■ **Your assignment**:
Without pictures, repeat exactly the lines from the one containing "modifikasi mobil listrik, GAC" through the end of the entries.

Web page caption snippets:
•••

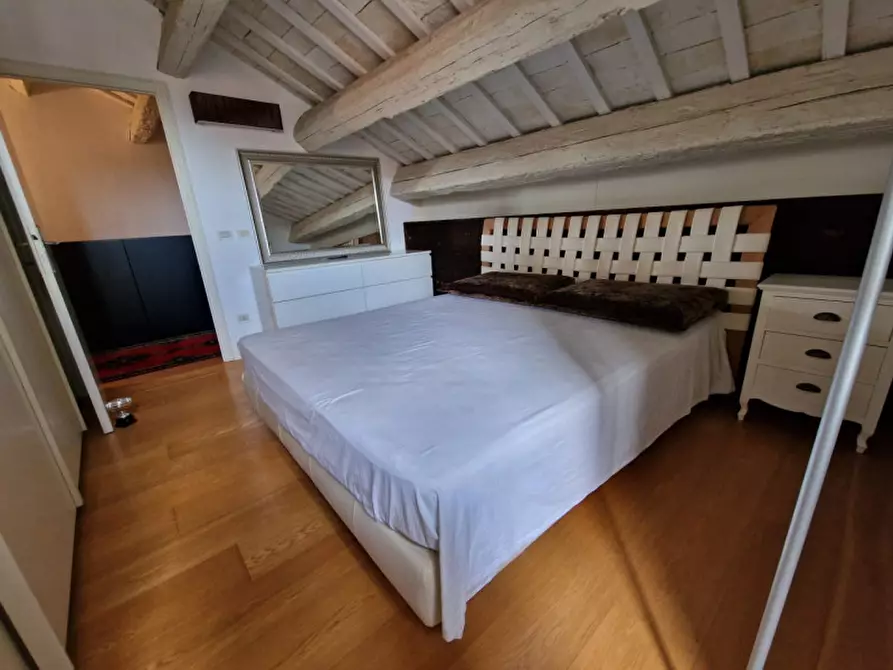 Immagine 11 di Appartamento in vendita  in Piazza Amendola a Cesena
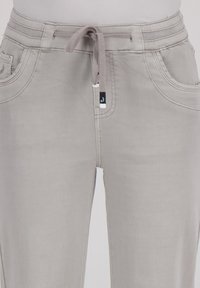 Niet geselecteerd, grijs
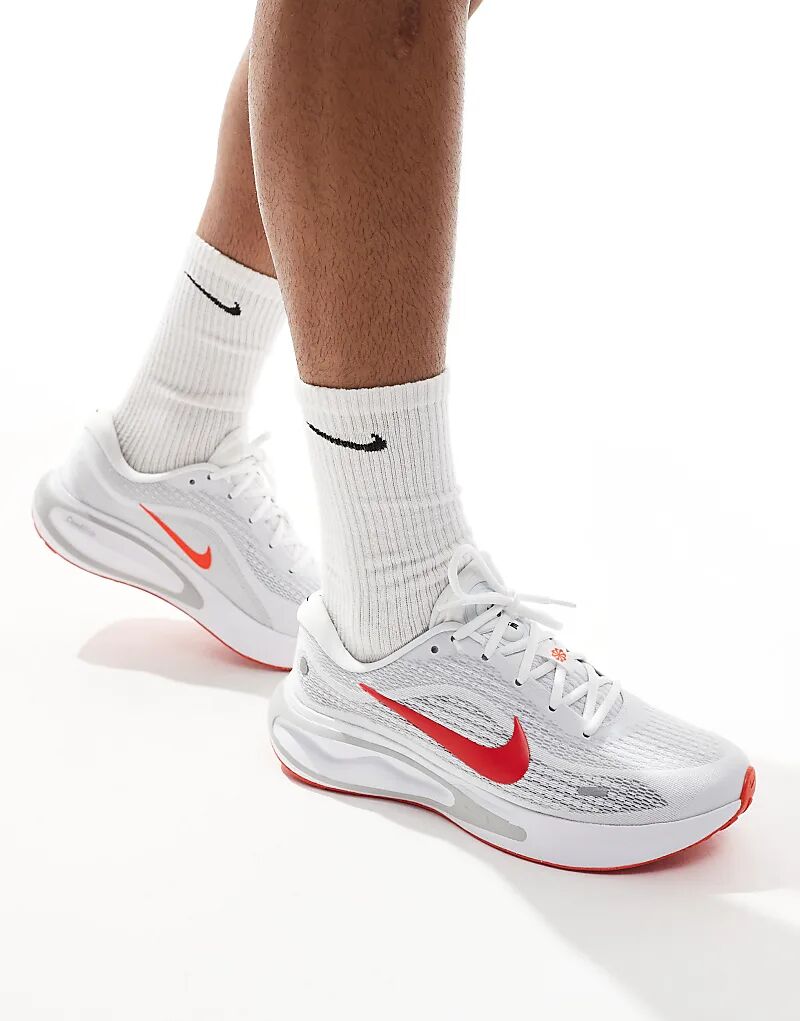 

Кроссовки Interact Run белого и красного цвета Nike Running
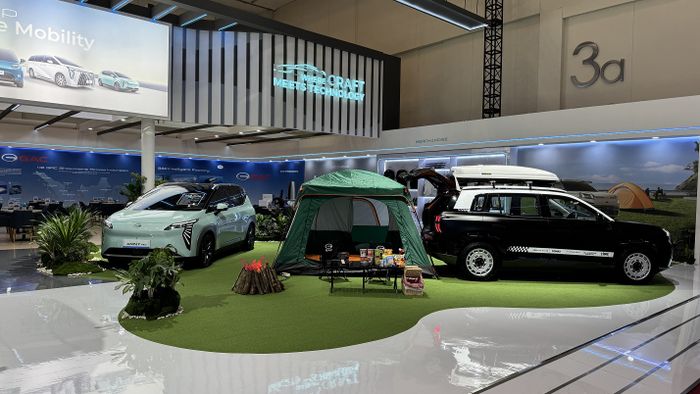 modifikasi mobil listrik, GAC AION V, AION V Adventure, Modifikasi AION V, Roofbox Solitaire, Memukau, Mobil Listrik Buatan Cikampek dari GAC Ini Dandan Gagah di GIIAS 2025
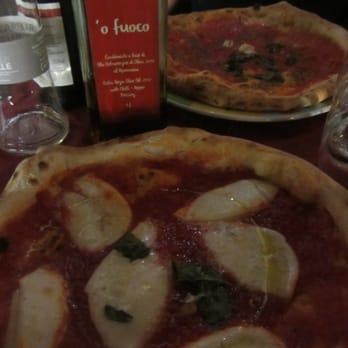 Rossopomodoro - Delicious pizza with fresh ingredients. Drizzle some of their chili oil on top for some spice. So good! - Napoletana Near Me - Venezia, VE Rossopomodoro - Delicious pizza with fresh ingredients. Drizzle some of their chili oil on top for some spice. So good! - Napoletana Near Me - Venezia, VE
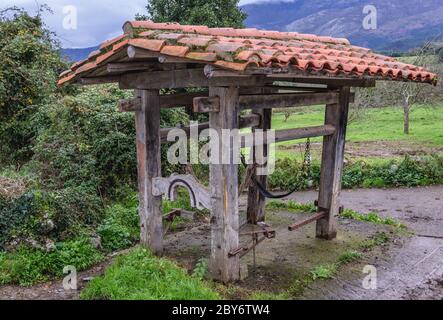 Élevage traditionnel de broyer pour animaux dans le village de Guerres dans la municipalité de Colunga, communauté autonome des Asturies dans le nord de l'Espagne Banque D'Images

•••

■ **Written answer**:
 modifikasi mobil listrik, GAC AION V, AION V Adventure, Modifikasi AION V, Roofbox Solitaire, Memukau, Mobil Listrik Buatan Cikampek dari GAC Ini Dandan Gagah di GIIAS 2025
 Rossopomodoro - Delicious pizza with fresh ingredients. Drizzle some of their chili oil on top for some spice. So good! - Napoletana Near Me - Venezia, VE Rossopomodoro - Delicious pizza with fresh ingredients. Drizzle some of their chili oil on top for some spice. So good! - Napoletana Near Me - Venezia, VE
 Élevage traditionnel de broyer pour animaux dans le village de Guerres dans la municipalité de Colunga, communauté autonome des Asturies dans le nord de l'Espagne Banque D'Images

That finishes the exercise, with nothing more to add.